Se a relação entre o contador de histórias e do entrevistado é baseada no respeito e no cuidado ao expor o caso, manter a salvo as pessoas reais que continuam vivas e lendo a repercussão é o maior desafio desses creators – isso sem contar que, no Não Inviabilize, a identidade das pessoas, nomes e o local onde a história aconteceu são ocultados. No Ter.a.pia, as pessoas colocam seus rostos pra jogo. Aí, quando um conteúdo viraliza, fica difícil conter o ódio, algo que o algoritmo das plataformas poderia controlar melhor.
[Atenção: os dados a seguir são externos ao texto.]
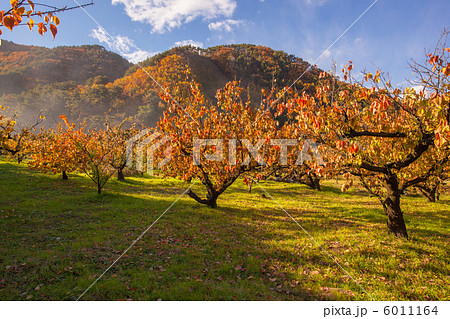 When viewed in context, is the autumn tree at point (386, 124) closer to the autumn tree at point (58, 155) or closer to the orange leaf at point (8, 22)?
the orange leaf at point (8, 22)

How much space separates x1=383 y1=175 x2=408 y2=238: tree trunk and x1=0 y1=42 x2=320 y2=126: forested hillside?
64827 millimetres

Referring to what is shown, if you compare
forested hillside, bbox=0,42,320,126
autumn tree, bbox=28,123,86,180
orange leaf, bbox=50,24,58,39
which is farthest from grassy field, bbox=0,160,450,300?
forested hillside, bbox=0,42,320,126

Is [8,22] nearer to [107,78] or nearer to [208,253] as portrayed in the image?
[208,253]

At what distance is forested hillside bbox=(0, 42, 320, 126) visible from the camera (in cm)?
8231

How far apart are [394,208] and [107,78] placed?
121 meters

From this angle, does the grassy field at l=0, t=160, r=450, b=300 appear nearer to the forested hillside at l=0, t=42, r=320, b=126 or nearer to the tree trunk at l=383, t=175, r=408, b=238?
the tree trunk at l=383, t=175, r=408, b=238

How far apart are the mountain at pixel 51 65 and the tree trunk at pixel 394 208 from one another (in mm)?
124481

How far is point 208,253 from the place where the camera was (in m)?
8.76

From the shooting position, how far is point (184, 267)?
7.42 m

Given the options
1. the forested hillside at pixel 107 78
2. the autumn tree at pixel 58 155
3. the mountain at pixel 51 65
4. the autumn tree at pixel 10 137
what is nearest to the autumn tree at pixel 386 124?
Answer: the autumn tree at pixel 10 137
“A gente vive num mundo em que as pessoas acham que discordar de algo automaticamente lhes dá o direito de atacar o outro. E não é assim. Desde que aquela pessoa não esteja ferindo a dignidade de ninguém, ela tem o direito de viver a própria experiência. fA gente tenta acompanhar, responder, excluir e denunciar comentários violentos. Inclusive, existem histórias que escolhemos não contar. Histórias que provavelmente gerariam muito engajamento, mas através do ódio ou da exposição excessiva da pessoa. ”
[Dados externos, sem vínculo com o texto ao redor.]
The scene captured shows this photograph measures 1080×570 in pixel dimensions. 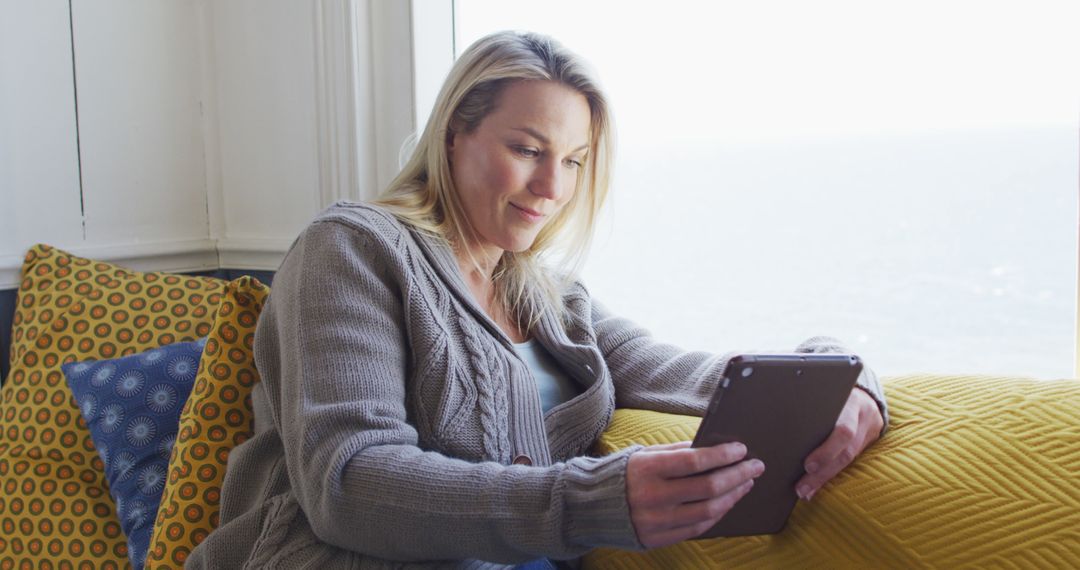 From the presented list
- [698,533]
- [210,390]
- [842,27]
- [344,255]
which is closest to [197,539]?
[210,390]

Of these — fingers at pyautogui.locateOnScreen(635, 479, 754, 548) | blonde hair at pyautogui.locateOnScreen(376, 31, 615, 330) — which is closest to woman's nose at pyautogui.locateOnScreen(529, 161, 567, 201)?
blonde hair at pyautogui.locateOnScreen(376, 31, 615, 330)

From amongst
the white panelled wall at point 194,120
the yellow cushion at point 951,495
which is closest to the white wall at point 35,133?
the white panelled wall at point 194,120

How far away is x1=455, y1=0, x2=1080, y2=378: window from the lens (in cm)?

Paula Scarpin adota uma postura firme na Novelo: “Em geral, nosso público é bastante acolhedor. No entanto, quando acontece de termos algum comentário desrespeitoso, não hesitamos em deletá-lo.”
Déia Freitas segue na mesma linha de proteção e acolhimento: se houver toxicidade, a moderação entra em ação sem dó para garantir que a comunidade continue sendo um espaço seguro.
No final das contas, o mercado de histórias reais prospera porque oferece algo que nem a internet, nem a Inteligência Artificial consegue copiar: a autenticidade humana, considerando todos os seus erros e imperfeições. Afinal, errar é humano. Nem todo protagonista de uma história vai acertar o tempo inteiro.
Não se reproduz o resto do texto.